Most of the increases will be implemented gradually over several years. LA’s minimum wage, for example, will reach $15 by 2020. But earlier this month, one small California city decided that its low-wage workers shouldn’t have to wait that long for a living wage. This summer, Emeryville will set a new national precedent when its minimum wage surges to nearly double the federal rate.

Let’s Give Emeryville and Workers a Raise”

This is an issue that evokes strong emotions,” said Emeryville Mayor Ruth Atkin before the start of the public comment session for the city council ordinance that would raise the minimum wage to $14.44 per hour by July 1 — making Emeryville’s rate the highest of any city in the nation. (The small Seattle suburb of Seatac also passed a $15 minimum wage, but not all workers in the city are covered under it.)

The mayor — an ardent supporter of the living wage campaign in Emeryville and the national Fight for $15—instructed attendees of the May 5 city council meeting to hold their applause and boos until everyone had talked.

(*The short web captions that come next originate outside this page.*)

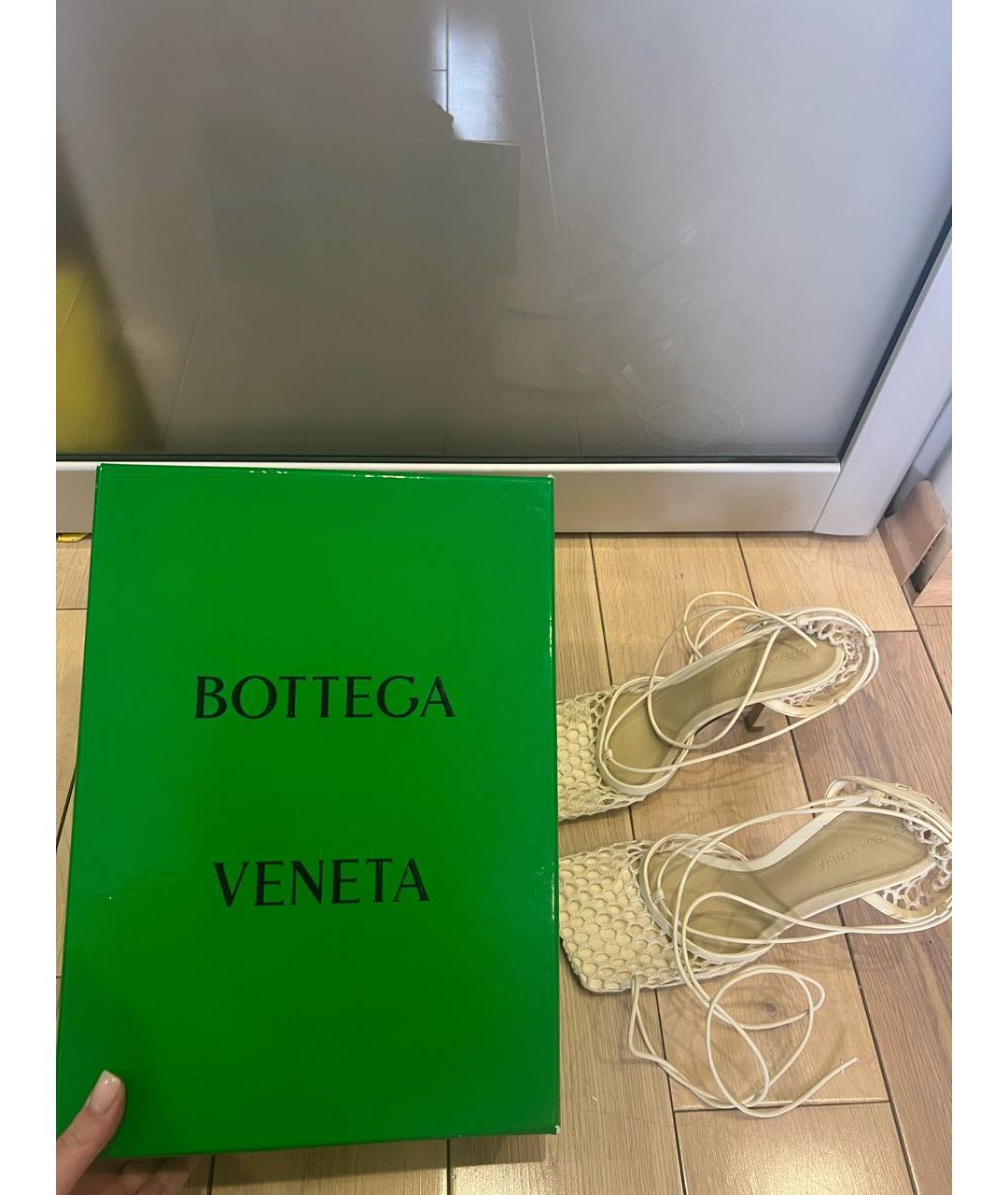 BOTTEGA VENETA Бежевые кожаные босоножки, фото 5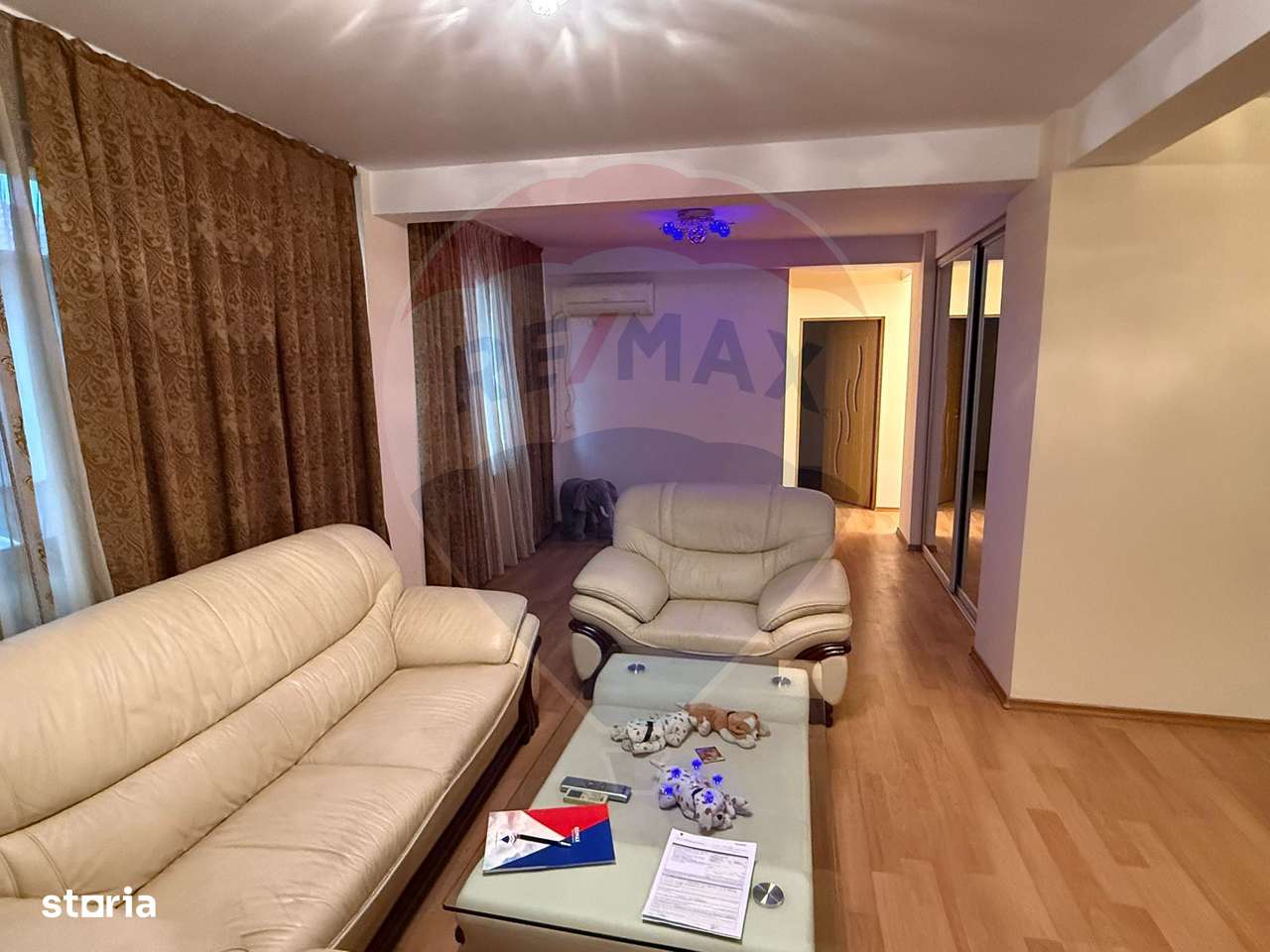 VANZARE Apartament cu 3 camere in zona Voluntari-14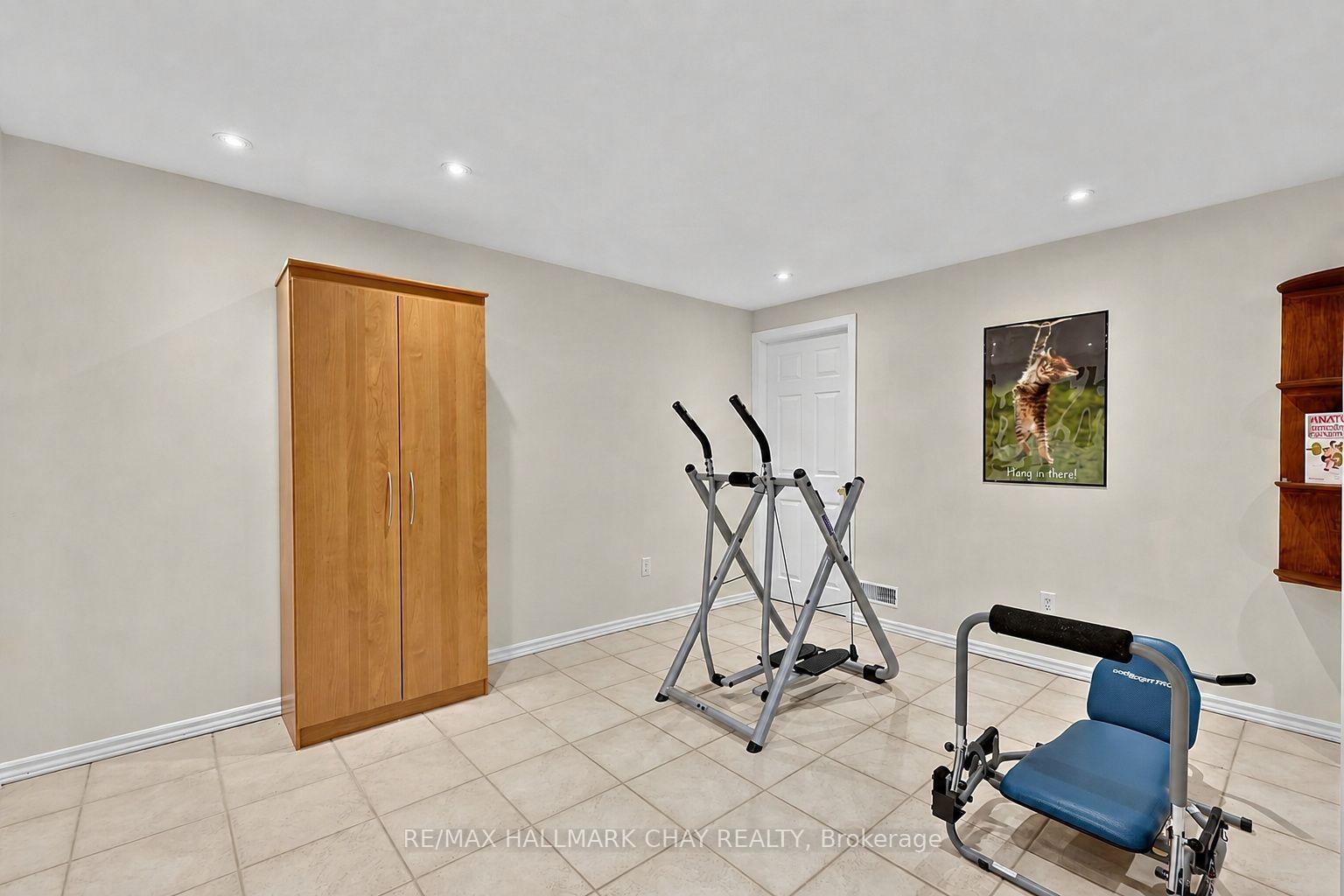 Photo 22 of 436 Simcoe Road, Bradford West Gwillimbury, Bradford — HOMEH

As dozens of low-wage workers, union representatives, faith leaders and community members addressed city government officials on the moral, social and economic significance of passing the living wage ordinance, seated supporters signaled their approval with spirit fingers twinkling in the air, Occupy-style, and signs reading Let’s Give Emeryville and Workers a Raise” rippling back and forth across the room.

If boos had been permitted, it’s unclear they would have been forthcoming. Of the scores of speakers that night, only three issued any reservations about the proposal and not a single person spoke in outright opposition. Just minutes after public comment came to a close, the council approved a first reading” of the ordinance unanimously, guaranteeing its passage into law. When the vote concluded, audience members began hugging and high-fiving. You can clap now,” Mayor Atkin told them, and the room erupted in celebration.

The ordinance’s path to victory began in 2014. It first surfaced at a time when the Lift Up Oakland coalition—a network of local nonprofits, unions, elected officials and progressive businesses — was building momentum in the nearby city for a November 2014 ballot initiative, which would raise the city’s minimum wage to $12.25. After the measure passed overwhelmingly, Mayor Atkin quickly assembled a team of supporters to push for similar legislation in her own city.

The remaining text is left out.